2) Even if we could shut everything down, regrettably, 90% of the country backs this thing, and assuming the resolution had been passed to go to war, legally we’re looking at what America wants, and America should have it.
Because yeah, I disliked the Iraq war. But despite the constant conservative whining, government is not about getting everything you wanted. It’s about pooling resources to get some of what you wanted, making compromises for much of the rest, and enduring a couple of really odious things that are popular and may even be vital. Yeah, you’re not thrilled about birth control being handed out on your dime; I’m not thrilled about drone strikes being handed out on mine. But the deal with, you know, democracy is that we all vote on it. It’s the will of the people, not the will of one person.

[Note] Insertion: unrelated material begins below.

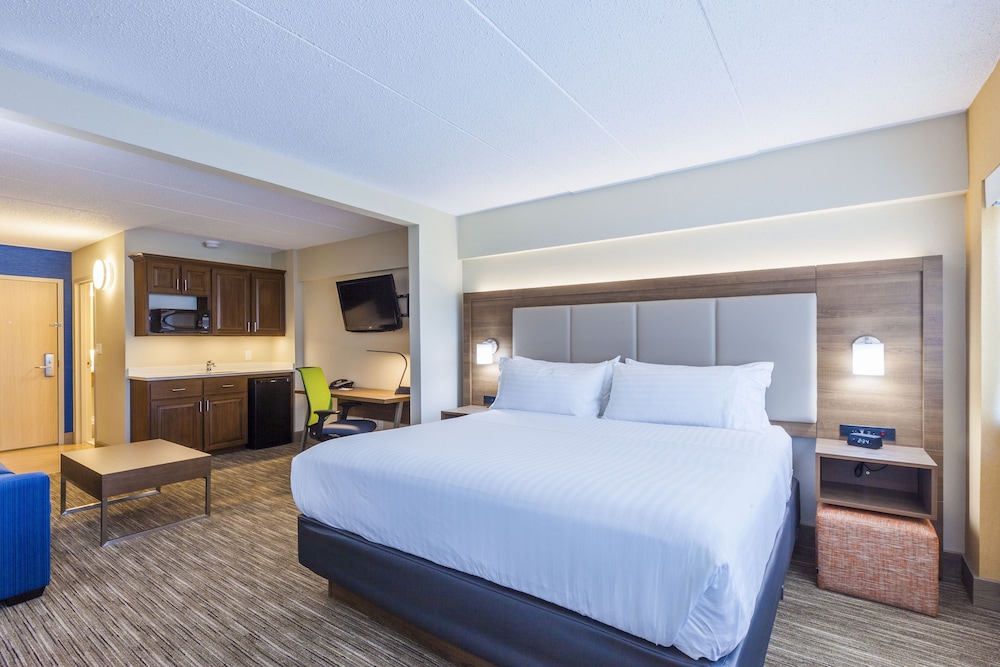 holiday inn express saint john harbour side by ihg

And there are times when the minority rights should be protected, no question. But when all the legal hoops have been passed on multiple occasions, that’s actually what democracy is. What you’re doing is actually the opposite of democracy, shutting down everyone’s votes until you get your way – and maybe that’s morally necessary at times, but don’t call it “Constitutional” or “Democratic” or anything like that. It’s violating the oath and the intent of your office to try to armwrestle people into submission.
The will of the people has been expressed through the mechanisms of the people. Now you’re exploiting loopholes and refusing to pass a clean CR bill to get your way. If that had happened with Iraq, I probably would have been morally behind them, as I would have seen the stopping of the Iraq war as a good and just cause. (Which, really, the post-invasion havoc, the lessening of American political power, and the drag on our economy all has only proven to be not nearly worth the cost of taking down one repugnant dictator. It’s like burning down your house to rid yourself of a bedbug infestation.) I would have at least appreciated the intent behind the shutdown.
Ultimately, though, I would have been against the shutdown as going too far. Yes, we could have done it. But we’d made our point. We had raised the issue of the Iraq war 40 times in the Senate and had it shut down every time by the House, and at this point it’s not the House that’s the problem, it’s our refusal to do what the Democrats ultimately did in real life – say, “This is a shit sandwich, but how can we refine it so that it works as best as we can make it?”
Because no, I don’t like the Iraq war and the Patriot Act. The way this works is not to hold my breath until I turn blue; it’s to convince people how awful this is in the next round of elections, and get enough voters on my side that the government has no choice but to transform it bit by bit into something functional. But until then, I make these ugly laws work to the best of my ability, because my job is to keep the country running smoothly, not to punish people for poor decisions.
So I wouldn’t have. As I don’t now. As does most of America, and unfortunately, given that the Republicans’ avowed and open strategy is not to negotiate with Obama until he caves on Obamacare, the blame for this mess can be laid squarely at the feet of the Republicans.